The dead are raised, proclaims Jesus. Now, that’s a tough one. In literal terms, who does Jesus raise during his human walk among us? A very few people. But perhaps we need to look at the phrase more expansively. What in us has been deadened, flattened? Where have we become incapable of response, of love? What in us needs to open up, flower into new creativity, be raised anew? Within ourselves? In our personal relationships and friendships? At work? In church? Where is Jesus working to bring forth new life and inviting us to participate in what he wants to accomplish?

The poor have good news brought to them. Are we among the poor? You’ve got this turned around you may be saying to me by now. We are Christ’s church. We need to bring good news to the poor, in the form of both warm blankets for these bitter nights and the warm message of salvation. All true. But let’s humble ourselves a little bit and think: where are we impoverished? Where are we limited? Where is good news being brought to us in ways that will enrich us – not in terms of material wealth, but in ways that will enable us better to show Christ’s love to a broken world?
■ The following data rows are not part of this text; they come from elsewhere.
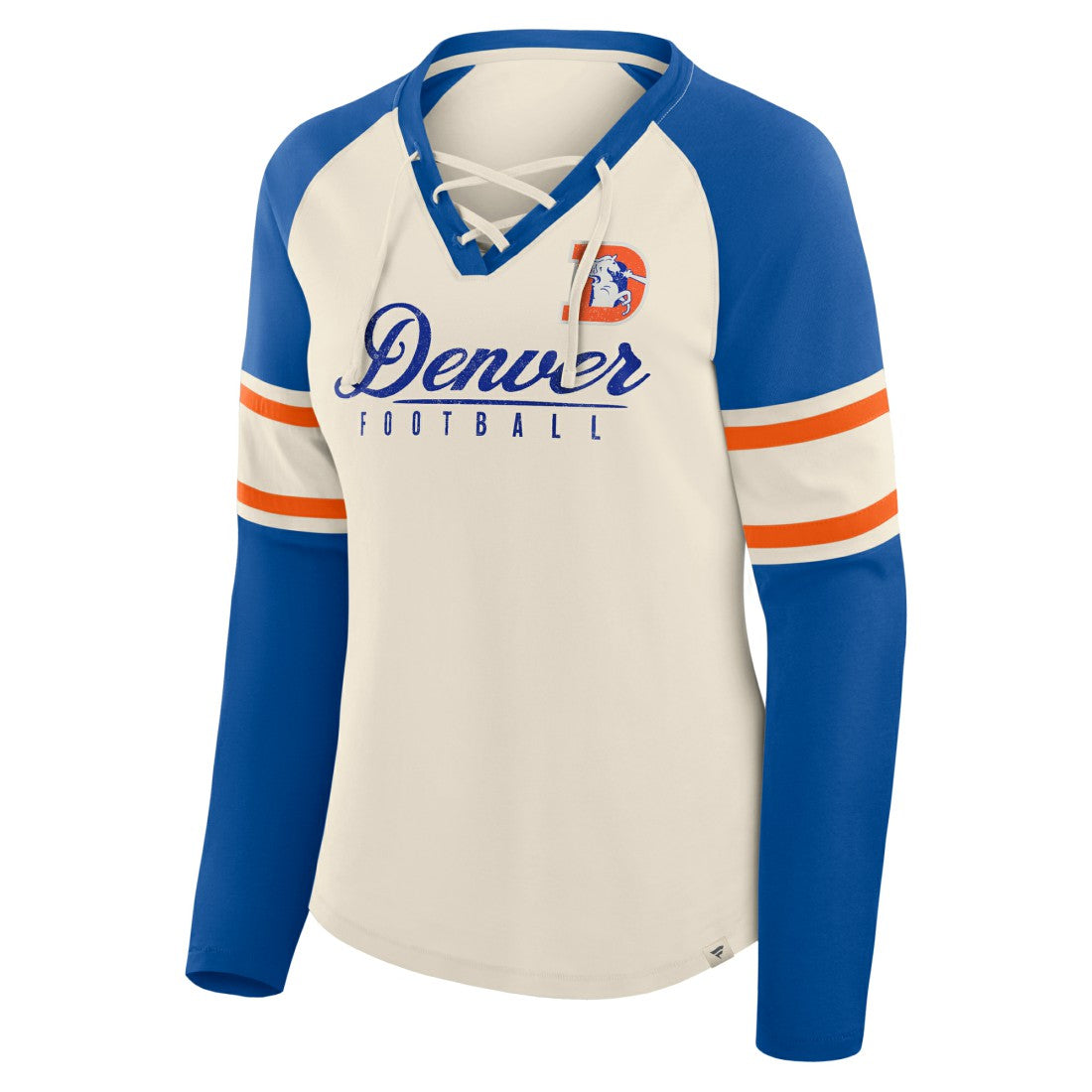 Denver Broncos Women's Hometown Gridiron Hero Raglan Lace-Up V-Neck Long Sleeve T-Shirt Cream/Royal - Fanatics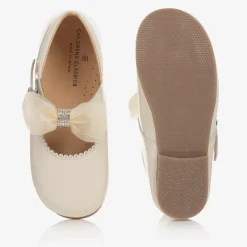 Childrens Classics Bar Shoes*Girls Ivory Patent Bow Shoes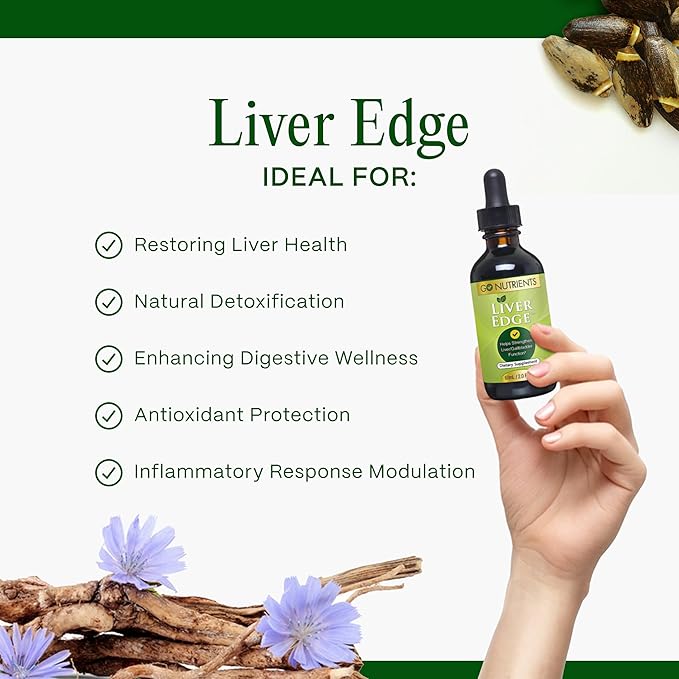 Go Nutrients Liver Edge – Milk Thistle Supplement for Liver Cleanse, Detox & Repair with Artichoke Extract for Health & Fatty Liver Support, Organic Liquid Drops & Tincture - 2 oz, 48 Servings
Old Testament scholar Walter Brueggemann tells us that our God is not a God of scarcity, but a God of abundance. Abundance! Walter Brueggemann tells us that because it’s true, because it’s reflected in these very words of Jesus. Whether as individuals or as a church, we are not called to be fearful or unwilling. We are not called to be people of limitation, impoverished by past disappointments, hesitantly creeping along well known paths.

We are called to be people of vision. We are called to walk forward in confidence. We are called to break down the walls of resistance that isolate us from one another. We are called to hear something new. We are called to new ideas, new approaches, new hope, new life. We are called to the riches of the Kingdom of God.